The new question is, how many variations of a Trinity 5161 are there? The answer it seems is more than a few. There are cars for grain service and ones for sugar, potash and other dry bulk materials. I’ve found variations where the train line runs under the side sill or down the middle and the same goes for the brake rod. There are two different center sill designs as well as different loading hatch configurations. In short, modeling one isn’t as straightforward as I thought.

My preferred research method is to thoroughly photograph a full size car. This isn’t always practical, so like many of you, I turn to the Internet and look for the best resources I can find. In gaining experience with scratch building, I’ve become aware of how easy it is to mix the details from different production runs or classes of car. You think you are looking at examples of the same car but often you aren’t.

The model is lettered for Borax Corp. The full size car was part of a group of 75 cars built in September and October of 1998, numbered from 500116 to 500190. This information along with a photo for one of these cars appeared in the June 2003 issue of the now defunct Model Railroading magazine. It’s part of a six part series on these cars by author David A. Casdorph running from the March to August 2003 issues that is archived on the website. This series provided a few answers but the image of the car wasn’t especially helpful, which yielded more questions.

I did confirm my choice of center sill is correct, so I won’t have to redo it though I was fully prepared to do so if needed. I still have questions about the routing of the train line. With this design I’ve seen photos where the train line enters the center sill behind the truck bolster and I believe it runs inside the sill to the opposite end, though I can’t confirm that with certainty.

Also based on photos, I strongly suspect the brake rod runs down the center of the car above the sill, as I’ve modeled it. Atlas placed the rod under the side sill, which isn’t correct for this series, so it will have to come off. The other details are more straightforward and I feel I’m on solid ground with my choices.

I’ve temporarily set the car on the bolsters and trucks to check the progress and a few key dimensions. The appearance of components with a scale thickness is very satisfying.

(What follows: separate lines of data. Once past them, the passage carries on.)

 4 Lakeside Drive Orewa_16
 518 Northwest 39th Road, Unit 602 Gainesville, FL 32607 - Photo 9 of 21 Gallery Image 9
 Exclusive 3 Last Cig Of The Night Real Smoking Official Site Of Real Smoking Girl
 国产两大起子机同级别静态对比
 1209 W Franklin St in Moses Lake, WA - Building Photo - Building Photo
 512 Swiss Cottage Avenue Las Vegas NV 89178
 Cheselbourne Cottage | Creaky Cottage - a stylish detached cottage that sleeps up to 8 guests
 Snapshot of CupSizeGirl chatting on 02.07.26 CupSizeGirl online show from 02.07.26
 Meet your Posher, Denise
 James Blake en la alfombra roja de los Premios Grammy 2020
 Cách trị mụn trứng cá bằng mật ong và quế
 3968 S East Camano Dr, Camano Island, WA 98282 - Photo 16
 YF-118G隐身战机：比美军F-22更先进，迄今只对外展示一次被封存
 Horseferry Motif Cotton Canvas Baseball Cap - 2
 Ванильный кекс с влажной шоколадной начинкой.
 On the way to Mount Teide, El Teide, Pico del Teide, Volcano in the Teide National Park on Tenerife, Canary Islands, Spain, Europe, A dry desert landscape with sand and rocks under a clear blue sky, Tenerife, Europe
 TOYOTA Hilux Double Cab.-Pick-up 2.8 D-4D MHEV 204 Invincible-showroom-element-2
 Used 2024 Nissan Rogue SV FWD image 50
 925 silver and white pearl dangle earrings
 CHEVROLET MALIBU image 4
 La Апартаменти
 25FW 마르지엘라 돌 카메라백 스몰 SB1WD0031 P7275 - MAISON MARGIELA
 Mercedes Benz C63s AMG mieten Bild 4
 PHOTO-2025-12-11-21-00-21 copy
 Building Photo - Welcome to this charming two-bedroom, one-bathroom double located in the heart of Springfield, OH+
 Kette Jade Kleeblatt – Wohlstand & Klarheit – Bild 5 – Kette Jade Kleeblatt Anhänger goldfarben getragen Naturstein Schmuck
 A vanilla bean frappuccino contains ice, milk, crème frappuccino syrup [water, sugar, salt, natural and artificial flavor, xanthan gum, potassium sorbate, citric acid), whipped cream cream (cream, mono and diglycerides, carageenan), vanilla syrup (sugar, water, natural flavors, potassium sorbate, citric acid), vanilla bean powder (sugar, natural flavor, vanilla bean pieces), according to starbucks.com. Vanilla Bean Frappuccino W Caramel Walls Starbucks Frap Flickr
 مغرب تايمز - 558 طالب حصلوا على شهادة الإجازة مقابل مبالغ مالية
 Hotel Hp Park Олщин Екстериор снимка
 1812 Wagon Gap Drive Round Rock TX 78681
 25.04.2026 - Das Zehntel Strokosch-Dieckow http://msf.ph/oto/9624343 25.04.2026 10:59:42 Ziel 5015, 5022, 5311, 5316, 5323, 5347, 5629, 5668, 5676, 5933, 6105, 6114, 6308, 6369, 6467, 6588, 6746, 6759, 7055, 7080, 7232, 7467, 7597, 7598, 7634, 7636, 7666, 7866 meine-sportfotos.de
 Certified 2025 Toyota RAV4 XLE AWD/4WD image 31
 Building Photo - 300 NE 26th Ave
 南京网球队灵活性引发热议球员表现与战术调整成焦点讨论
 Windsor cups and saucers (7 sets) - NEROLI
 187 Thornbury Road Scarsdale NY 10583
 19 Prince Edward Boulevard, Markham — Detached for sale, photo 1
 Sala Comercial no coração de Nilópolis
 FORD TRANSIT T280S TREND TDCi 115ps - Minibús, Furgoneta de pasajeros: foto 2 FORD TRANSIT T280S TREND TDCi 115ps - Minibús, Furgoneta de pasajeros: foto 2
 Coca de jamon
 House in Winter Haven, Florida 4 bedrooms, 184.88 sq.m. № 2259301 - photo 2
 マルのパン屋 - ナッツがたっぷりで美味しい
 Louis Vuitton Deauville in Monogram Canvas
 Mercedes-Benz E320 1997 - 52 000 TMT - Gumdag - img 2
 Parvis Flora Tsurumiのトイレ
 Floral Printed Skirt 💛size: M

This extra research is worth the time and effort because there is truth in these details that helps me understand how the car is built. I enjoy the challenge of consistently and accurately reproducing a subject in miniature and that understanding helps me express the values I want the modeling to have.

So yes, I’ll take as much time as I need to find information that helps me understand a subject. I’ll model details that few will see or appreciate because doing so makes me happy. It’s not an approach for every taste, just one among the many available to all of us.


Model Railroading magazine archive


  1. steve hurt

    I’d have to agree Mike, I have really learned a lot about how equipment is built or functions from building models. To me the research for a project is without a doubt as much fun as the construction.

  2. Craig Townsend

    The other thing to think about when modeling is the prototype manufacturing. Often manufacturers won’t call out different ‘phases’ of the same car/locomotive. These changes are often organic in nature and sometimes don’t get even noted until railfans pick them out. For example EMD insists that they only made a single F3 locomotive. Modelers on the other hand have picked out different details and labeled them as F3 Phase I, Phase II, Phase III, etc.

    Compounding this difference is what you pointed out, the difference in commodity (I however think that this variable is a bit easier to research due to ORER’s and other info).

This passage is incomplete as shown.